Fasten your seatbelt, my friend!
Thanks Andrew, for the thoughtful reply. I think you’re probably right on most, all, of what you said. It’s hard for me to understand why democracy is in such trouble. Perhaps many people simply don’t want to have to compromise with majority rule (even though Hillary won the popular vote). I worry, that like pre Nazi Germany, people want the promises of rulers more than the responsibility of governing themselves. But such a shame that Americans in such great numbers would vote for a imbecilic and vulgar guy as Trump.
I spent some time earlier in the year doing some brushing up on Civil War history. The similarities I found between then and now were surprising. It appears that two elements were critically involved: one was the cultural element involving a long dependency on slavery as a way of life in the South, and a major industry sustaining the Southern agricultural economic system, and two, were the Evangelicals who following the first Great Awakening created the doctrine of “free-will,” which gave license for them to project onto Scripture the belief that God wanted slavery of the black Africans in order to save it from idolatry. These elements became a means of identity and self esteem, of which the South was deeply proud. I doubt they could imagine life without slavery and the sense of pseudo-superiority it gave them.
To me, this suggests that emotions and money were the big factors in the South choosing to go to war following Lincoln’s election to the presidency of the Union in 1861. It was the feeling of the initial seven slave states that Lincoln’s election was an insult to their belief that slavery was a God approved way of saving the slaves.
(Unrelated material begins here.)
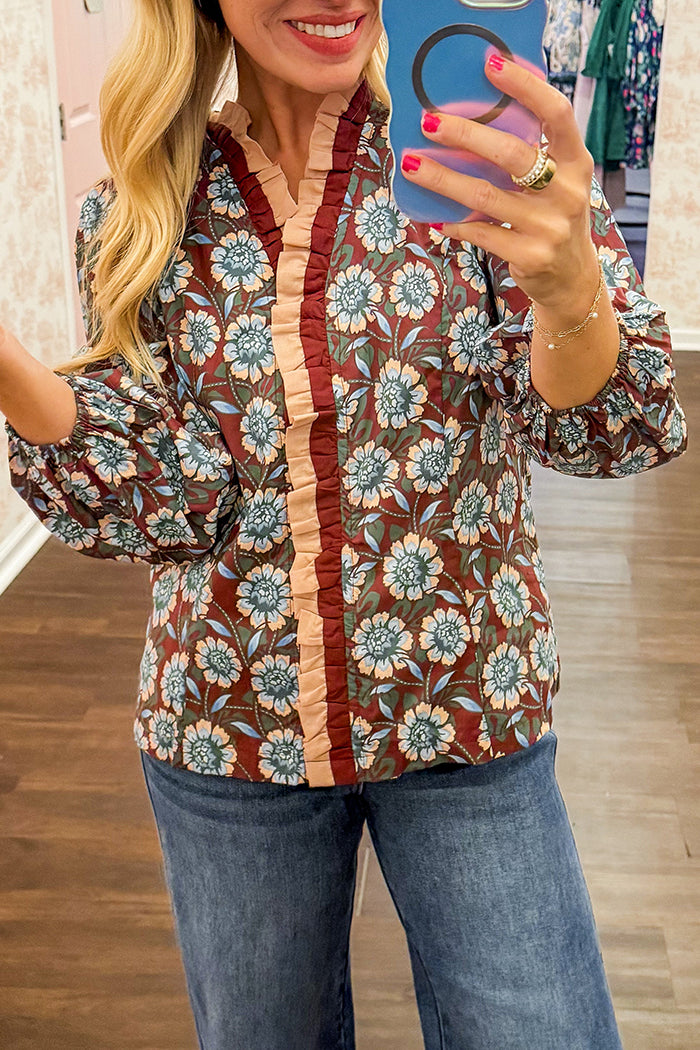 Ruffled V-Neckline Floral Top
The result was South Carolina’s unprovoked attack on Ft. Sumter in April of 1861. This crystallized the split between the Union and the Confederacy. People were willing to fight and die for their old comfortable proud Southern culture rather that see the greater good of remaining together as a nation.
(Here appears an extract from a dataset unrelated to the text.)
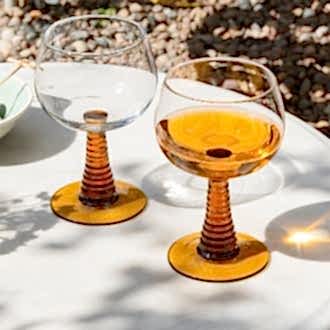 Retro roemer glasses 350ml (set of 2) - Amber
Who knows, perhaps Trump’s election helped avoid another civil war. I have wondered what would have happened if John Breckenridge had won the presidency instead of Lincoln. Would there still be slavery today? I don’t think so. Rather, I think that there is a possibility that slavery might have gradually shifted to indentured servitude, or some kind of cast system which would keep people of color from becoming the equals of white people. This would represent a continuation of a strong Confederate belief that only white people were God’s chosen people destined to rule the world.
Much blood of American lives was sacrificed in order to maintain the national standard of equality for all people, regardless of ethnicity, color, or religion. Today human rights and equality of all citizens has actually expanded into the belief that all people are equal, including the LBGTQ community, which has been fought against by many of the Evangelical/Fundamentalists in Southern states. I agree with your thought about how the oppression of Muslims, Mexican-Americans, and all currently suffering the prejudice of the Trump Administration may spark a great reaction from American activists. But Trump, in my view, is a revelation that the old split between the Union and Confederacy never ended. Lincoln may have won the Civil War, but he could not win the hearts of the old South. My fear is that the division we are witnessing will continue on regardless of who wins the day. This does not bode well for the U.S.
The division in American democracy is not political. Rather, it is cultural, psychological, and about pride. This is not much different than the divisions we see throughout the rest of the world today.
PS. Thanks for letting me get this off my chest.